2) I was surprised at how quickly my nervous system adapted to an audible stimulus. A change in SR of .1 second may seem trivial, but it can add significant speed at a sufficiently high Stroke Length. Swimming 2.5 seconds faster over 50-meters converts to 75 seconds faster for 1500-meter pace and 3:10 faster for a 2.4-mile Ironman swim. Even without considering how much it improved my 50-meter pace, I was struck by how a 1.20 tempo that felt rushed only 10 minutes earlier, had quickly become comfortable.
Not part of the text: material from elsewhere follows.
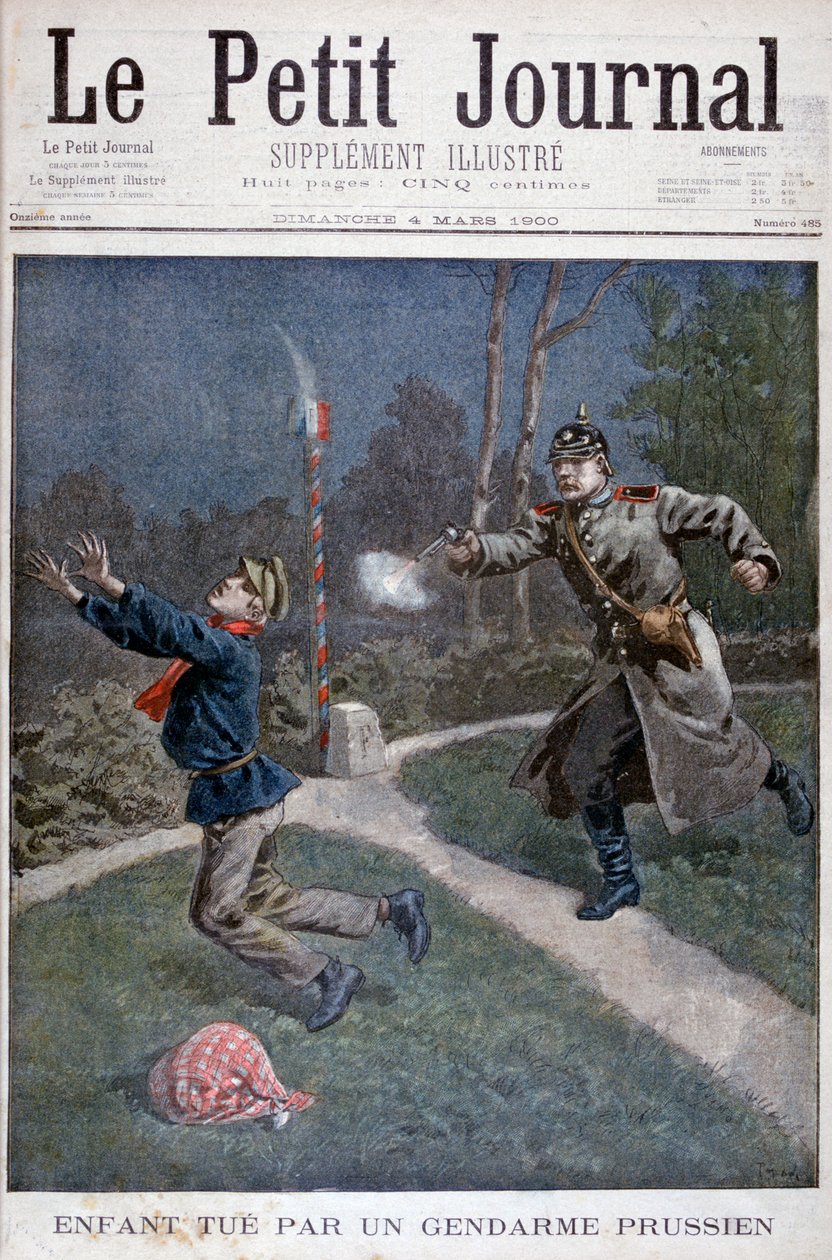 1900年，一名普鲁士宪兵射击的男孩逃离了惩教所。 作者 不明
I realized the secret was adjusting by hundredth-of-a-second increments.
3) I was particularly excited that I had simply gone faster just by keeping up with the beep as it went faster. (Caution: If my SPL had increased by three, I’d have swum slower at the higher tempo.) I’m always excited when I discover a new way to cultivate Voodoo Speed that just happens rather than by trying to go faster.
4) I realized the true cost of inefficiency. Few swimmers count strokes consistently enough to know when they’ve added one. Having counted for years, I was always alert to lost efficiency. This was the first time I grasped that every additional stroke represented lost time since, at a beep frequency of 1.2 seconds, every additional stroke adds that much to my time.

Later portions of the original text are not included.